• Task prompt
Beginning with the first line, please repeat the entries exactly and end on the line that contains "アルバーノ大江A棟 103 ｜".

• Data for this task
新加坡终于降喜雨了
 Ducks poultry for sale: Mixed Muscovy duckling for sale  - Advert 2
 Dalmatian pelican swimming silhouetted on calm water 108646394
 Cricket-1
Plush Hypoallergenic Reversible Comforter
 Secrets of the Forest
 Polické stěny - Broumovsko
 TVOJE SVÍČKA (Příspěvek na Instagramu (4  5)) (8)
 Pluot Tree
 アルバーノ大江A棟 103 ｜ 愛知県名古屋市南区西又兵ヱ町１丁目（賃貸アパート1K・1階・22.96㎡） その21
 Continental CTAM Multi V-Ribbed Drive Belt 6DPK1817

• Answer section
新加坡终于降喜雨了
 Ducks poultry for sale: Mixed Muscovy duckling for sale  - Advert 2
 Dalmatian pelican swimming silhouetted on calm water 108646394
 Cricket-1
Plush Hypoallergenic Reversible Comforter
 Secrets of the Forest
 Polické stěny - Broumovsko
 TVOJE SVÍČKA (Příspěvek na Instagramu (4  5)) (8)
 Pluot Tree
 アルバーノ大江A棟 103 ｜ 愛知県名古屋市南区西又兵ヱ町１丁目（賃貸アパート1K・1階・22.96㎡） その21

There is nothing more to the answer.